Photos of food are among the most shared in the social media world. Savor Catering by SMG recommends not only creative presentation, but also providing a lot of information about the items served. During the Pacific Ballroom unveiling in Long Beach, Savor positioned eight-foot-tall menus near each food station. "Telling people in detail what they were about to eat got them excited about their food," says Veronica Quintero, Savor's regional general manager. "And the more detail we told them, the more detail they shared over social media."• Give prizes for tweets.
Growing in popularity are vending machines that exchange goods in return for users' social media posts. At the Consumer Electronics Show, held in Las Vegas last month, a machine supplied by Dayton, Ohio-based Innovative Vending Solutions was set in the grand lobby of the Las Vegas Convention Center and stocked with CES-branded shirts. A touch screen directed attendees to tweet #CES2014 and a unique code. IVS' software scanned Twitter for the two elements and, within seconds, dispensed the prize; some 2,000 shirts were awarded.
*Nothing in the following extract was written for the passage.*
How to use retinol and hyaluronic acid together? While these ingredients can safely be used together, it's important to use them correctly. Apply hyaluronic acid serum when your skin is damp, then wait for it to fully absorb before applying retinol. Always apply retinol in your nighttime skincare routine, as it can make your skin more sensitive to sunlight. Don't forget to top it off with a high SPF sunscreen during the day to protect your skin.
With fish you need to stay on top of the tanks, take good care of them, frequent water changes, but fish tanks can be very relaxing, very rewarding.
"Everybody gives away free product, but this is an excellent way to encourage people to tweet and put out some social media on behalf of your brand," says Jeff Thibodeau, IVS' vice president of operations.Time it right
The way an event unfolds can play a big part in whether or not attendees will be apt to share.• Build excitement.
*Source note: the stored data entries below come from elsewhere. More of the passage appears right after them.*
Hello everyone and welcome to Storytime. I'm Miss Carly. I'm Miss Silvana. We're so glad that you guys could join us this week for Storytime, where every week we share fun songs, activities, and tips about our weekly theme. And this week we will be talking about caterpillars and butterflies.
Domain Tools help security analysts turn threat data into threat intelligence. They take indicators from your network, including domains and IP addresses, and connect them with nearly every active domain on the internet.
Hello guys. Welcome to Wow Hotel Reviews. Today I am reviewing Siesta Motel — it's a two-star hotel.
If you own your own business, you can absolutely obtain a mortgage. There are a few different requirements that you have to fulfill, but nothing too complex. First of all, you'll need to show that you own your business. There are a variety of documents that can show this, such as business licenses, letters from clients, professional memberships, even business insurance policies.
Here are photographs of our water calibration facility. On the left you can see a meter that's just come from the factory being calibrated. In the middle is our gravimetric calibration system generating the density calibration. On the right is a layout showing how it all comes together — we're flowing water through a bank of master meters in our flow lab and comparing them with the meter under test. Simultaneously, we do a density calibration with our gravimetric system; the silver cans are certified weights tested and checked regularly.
At the Pacific Ballroom's debut, the Los Angeles-based design firm Eventworks took attendees through a "progressive event" -- one that plays out like a story in chapters. Guests were shepherded to different areas of the new 45,000-square-foot space, with each section decked out for various-sized groups. The transitions "helped create a sense of discovery at each stage, where there were new things to snap photos of and share," says Eventworks president Janet Elkins. "The element of surprise keeps attendees curious about what's around the next corner."
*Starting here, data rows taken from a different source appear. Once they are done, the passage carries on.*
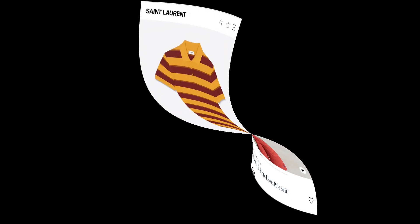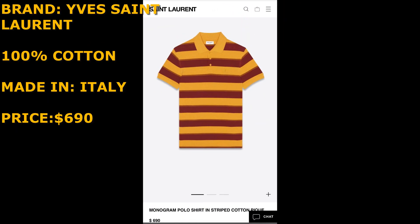Here's YSL again — this is just outrageous. It's 100% cotton, looks very similar to Tyler's wavy polo, and it's $690. Not even comb cotton — just regular cotton for $690. I'm hoping you all are starting to see a trend here. It generally just doesn't matter — people can sell their own stuff for whatever they think it's worth.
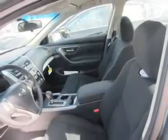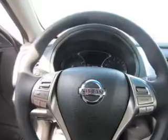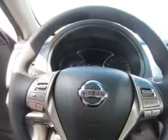Inside you'll find Bluetooth connectivity and auxiliary input, steering wheel controls, push-button start, curtain head airbags, front airbags, side airbags, side impact door beams, child safety locks, and iPod integration.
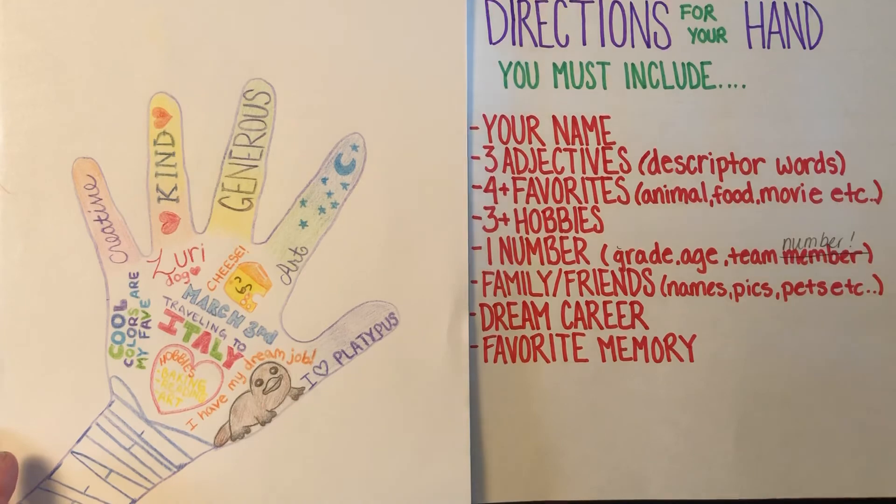So that's it for your hand project! I can't wait to see what you guys come up with. If you want to email them to me or your teacher, I would love to see them. Have a great day, guys!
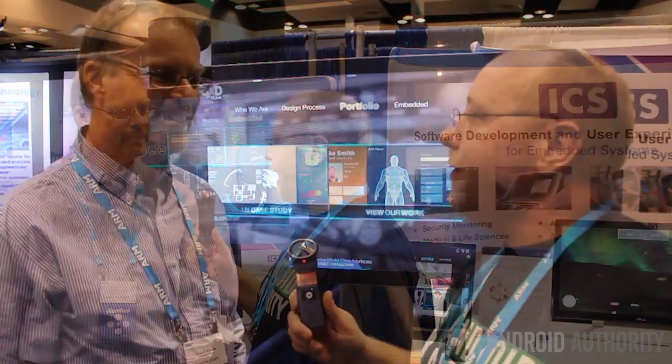Hi there, my name is Gary Simms from Android Authority. We're at ArmTech 2015 here in Santa Clara and I've met up with Roland from ICS. I am the engineering director for Integrated Computer Solutions. We are a consulting and services firm and we provide user experience development for touchscreen devices.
Organizers kept a few key details under wraps, so when surprise performers appeared, attendees were more apt to capture and share the moment.• Keep the share-worthy moments coming.
Even an anticipated reveal can be a powerful way to cue attendees that it's time to grab their phones and snap away. Midway through the Long Beach event, a performer known only as Laserman stood atop the bar and flung lasers around the space. He was positioned in front of a snifter curtain that divided the Pacific Ballroom in half. "People really had no idea what to expect, but they knew something was up," says Kristen Rensch, an account executive with Eventworks who worked on the event.
Shortly after Laserman concluded his performance, the curtain began to rise and then seemingly evaporated, revealing the other half of the ballroom with lights flashing and music thumping. Because attendees' phones were already handy from recording the surprise laser show, it was natural for them to keep snapping this newly discovered area, capturing more content to later post online.• Be frank about your intentions.
Though theatrics can be highly effective, encouraging social sharing doesn't have to be so dramatic. Simply letting attendees know what you'd like them to do can accomplish your objective.
In welcoming her 270 attendees to PlannerTech, Liz King asked them to take a "selfie" using their smartphones. They were then directed to tweet or Instagram their snapshot using a hashtag, which would not only send their photos onto their personal social media channels, but also onto a big screen with a live streaming feed on-site, where attendees could view the photographic talents of their colleagues.
The exercise was a fun way to loosen up the crowd early in the day, but it also got attendees primed to use their social media channels throughout the rest of the conference. "It was a big moment for us," says King. "It was our little way of letting them know that getting involved on social media doesn't have to be hard. Sharing should be fun."